Is "Easy Advanced Control" Really that Easy?

psharpe's picture

Emerson and some of the other vendors have been promoting "Easy APC" through embedded APC function blocks, drag-and-drop configuration, pre-engineered applications and so on. It seems, however, that most industries (with the exception of large refineries and petrochem plants) do not effectively take advantage of this technology. As an APC practitioner for more than 20 years, I have seen dramatic shifts in ease-of-use for advanced control tools. Early APC projects were done with hard-coded Fortran programs running in a supervisory computer that took a programmer and a background in linear programming to keep running. PC's and the Microsoft era brought better user tools with easier data manipulation and graphicsl displays, but implementation still required a supervisory computer and all the peripheral data communications, historians, watch-dog timers, fail-shed logic and separate user interfaces. In today's environment, implementing a Model Predictive Controller or Neural Net soft sensor in the DeltaV is as simple as opening the APC Toolbar, dragging the APC block into a control module, wiring up the inputs, and right-clicking to launch the model identification tool -- all right in the DCS environment.

So, why aren't more industries, plants, engineers using these tools and getting the benefits from applying advanced process controls to their units?
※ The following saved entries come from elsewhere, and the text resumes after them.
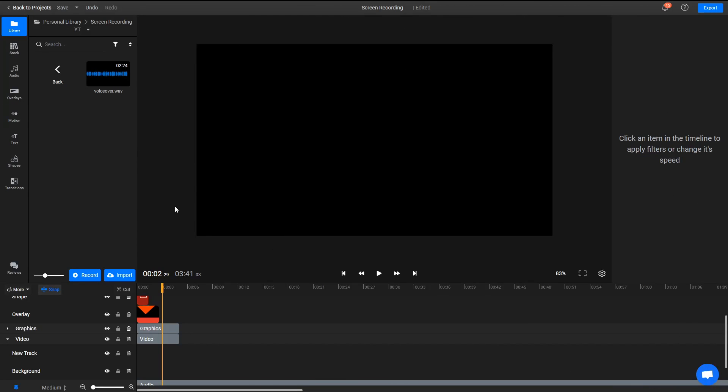Welcome! Today we're going to take a look at Flixier's new Screen and Camera Recording feature. It allows you to capture both your computer screen and your webcam at the same time, making it easy to create tutorials and video presentations.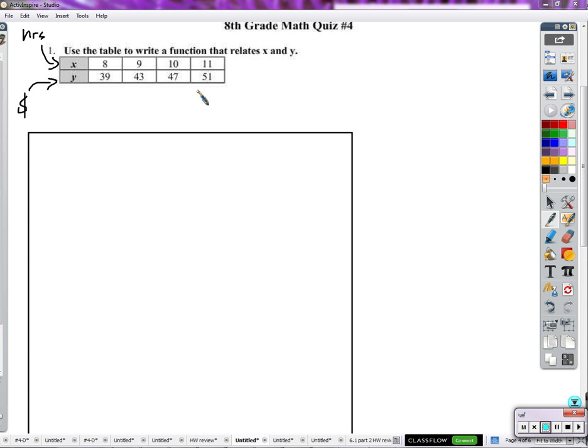Looking at this table — one thing about a linear function: the reason why it's linear is because the graph of it would be a straight line. It would just move at a straight line, whether it goes up, or goes down, or goes flat. A linear function is a line if you graph all the points. If you've already graphed all of these points, it would be in a straight line going up.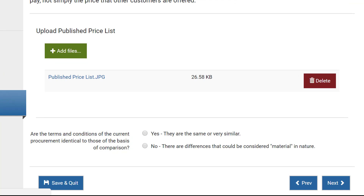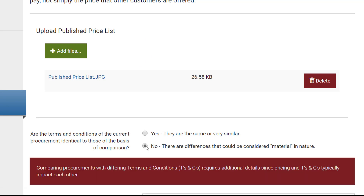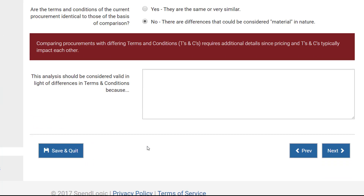Clicking No brings up an additional text box that requires an explanation of how the terms and conditions are different. If the differences are significant, you can adjust the price in the Complexity screen here in a few steps. In this example, I'll click Yes.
I have some ideas. I'd be interested in yours.

Pete Sharpe, Emerson Process Management

Its never that easy

PrakashKK's picture

I personally think "Easy APC" is what you end up with if you get some fresh marketing guys selling APC applications. If marketters sell APC to be something that just needs draggin' and droppin', then you know two things for sure i) they have no clue about the process flow of developing APC applications ii) they have no clue about the efforts and time spent in each of the development phase. What is the biggest workload of developing any APC application is CERTAINLY NOT the configuration that you do at the tail end, everything and i mean EVERYTHING is about understanding the process and all its quirkiness. Even the time spent to get to know the modelling tool pales in comparision to this, especially now that process modelling tools require less mathematical/statistical backgrounds to work on them. No, the biggest chunk remains the process and the weirdness almost everyone of them exhibits be it a simple two cut splitter to a complex discontinuous process such as delayed coker, each has its own uniqueness, even identical units in different trains side by side display differences. And its the appreciation and understanding of their fundamental character/nature/personality that is the bulk of the APC development work. For actually building the application (i.e. the dragging/dropping and connecting aka APC configuration phase), i tend to give a one day period (hell maybe two) for even complex APC apps. "Easy APC?????".... marketers, its all those damn marketers....

Regards,
Prakash K.K.

APC recognition hard -- even if implementation's "easy"

klarson's picture

"Easy" loop-tuning has been around a lot longer than "easy" APC....yet by all accounts most plants out there don't yet have properly tuned PID loops. So, even if the tools are available, it seems that it takes a certain level of sophistication to even realize that a particular application would benefit from APC -- even if the benefits are but a mouse-click away.